Cash for crash is a fairly simple and all too common practice among people who see no problem in causing sensible motorists a lot of bother on the roads. It occurs when a fraudster deliberately causes an often low speed accident in order to claim for personal injuries. Typical tactics used by fraudsters include making sudden stops at roundabouts, junctions and slip roads that force the victims car to crash into the back of them. It’s a serious issue here in the UK and according to recent statistics, such crashes are part of a criminal industry which costs insurers £392m a year through false claims.

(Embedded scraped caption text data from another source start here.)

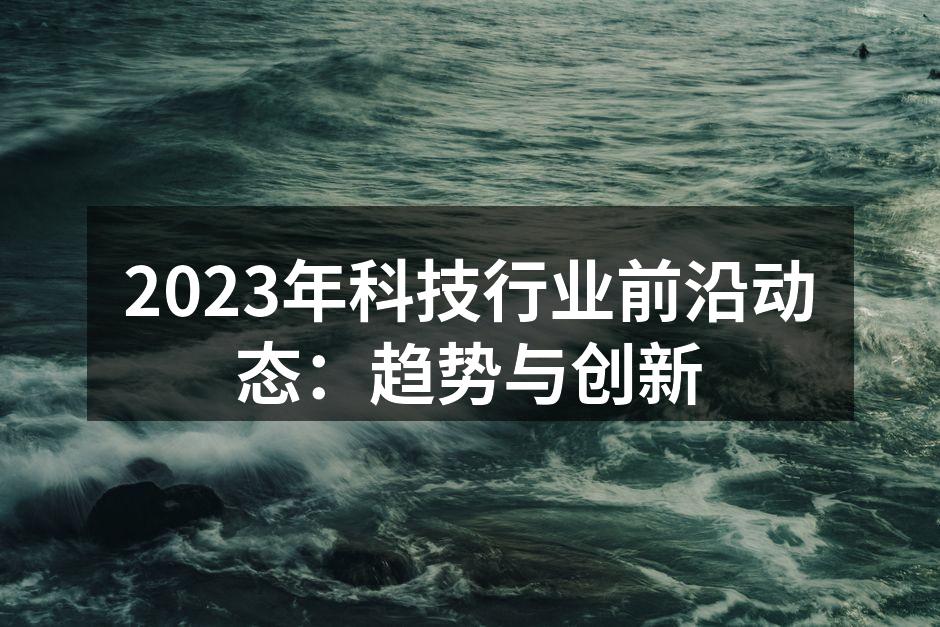 2023年科技行业前沿动态：趋势与创新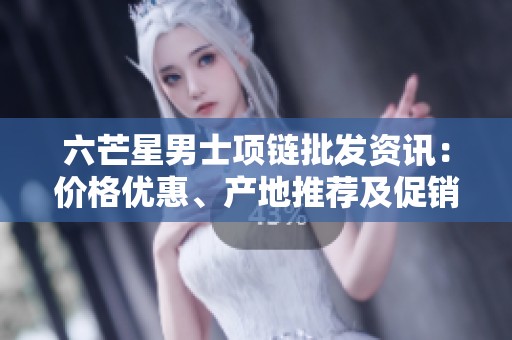 六芒星男士项链批发资讯：价格优惠、产地推荐及促销活动介绍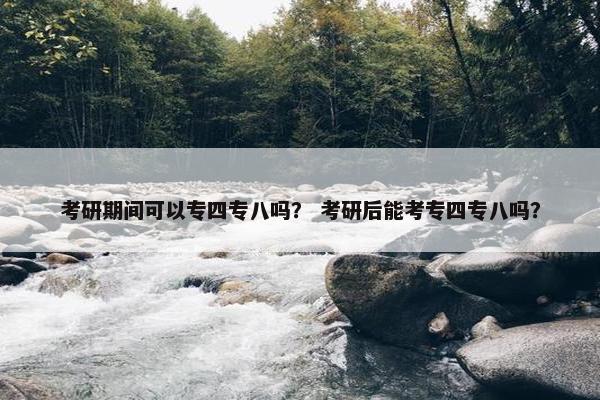 考研期间可以专四专八吗？ 考研后能考专四专八吗？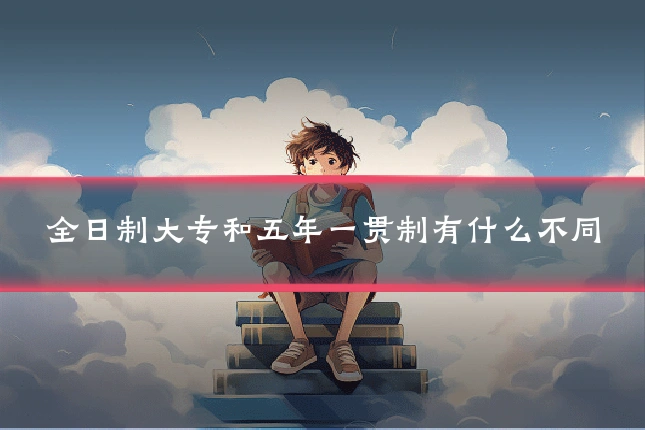 全日制大专和五年一贯制有什么不同
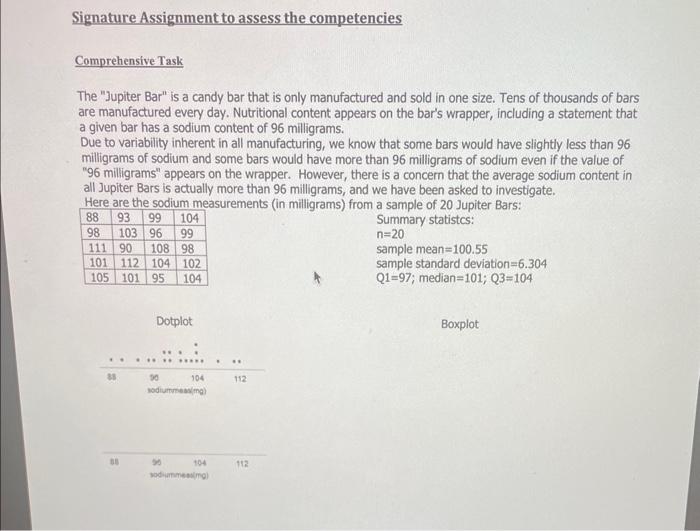 Solved The "Jupiter Bar" is a candy bar that is only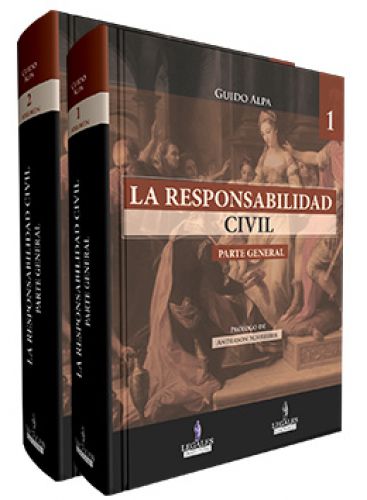 LA RESPONSABILIDAD CIVIL (2 volumenes)..
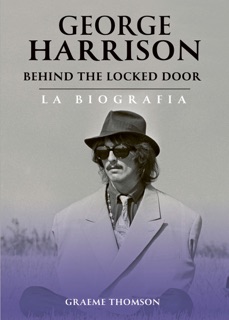 George Harrison Behind the Locked Door by Graeme Thomson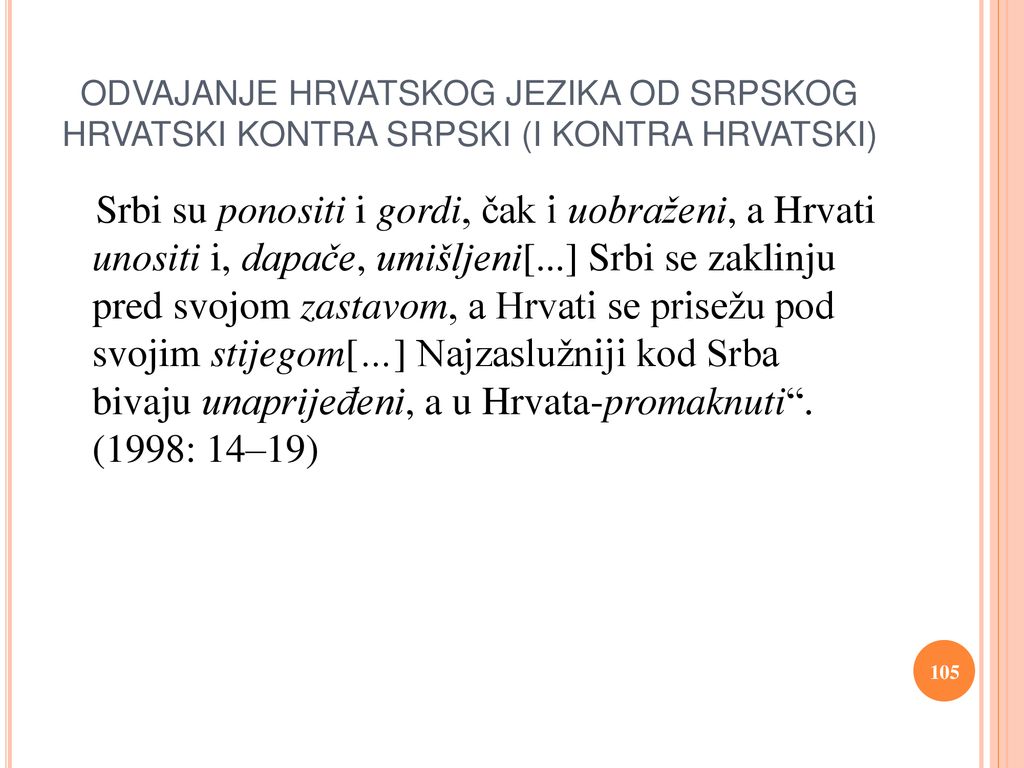 ODVAJANJE HRVATSKOG JEZIKA OD SRPSKOG HRVATSKI KONTRA SRPSKI (I KONTRA HRVATSKI)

False insurance claims are common in many areas of the insurance industry but one such instance recently has left insurers and insurance customers feeling astonished at the ingenuity of criminals. Published last week in Portsmouth’s “The News” was a story that claimed a woman had blamed a non-existent seagull for the disappearance of a watch. This, according to Portsmouth researchers, is a common practice of Britain’s insurance cheats. Moreover, the Association of British Insurers (ABI) has conducted research into the behaviour of claimants and found that more than two-thirds of people either wouldn’t rule out making a false claim or would think it is acceptable to exaggerate the damage or cost of an item that is lost or stolen.

Regardless, the combined cost of committing small insurance fraud for items that cost for example, £500, would result in billions of pounds lost by insurers. The conclusion is simple: False claims, even if small, have a much larger impact than you would imagine.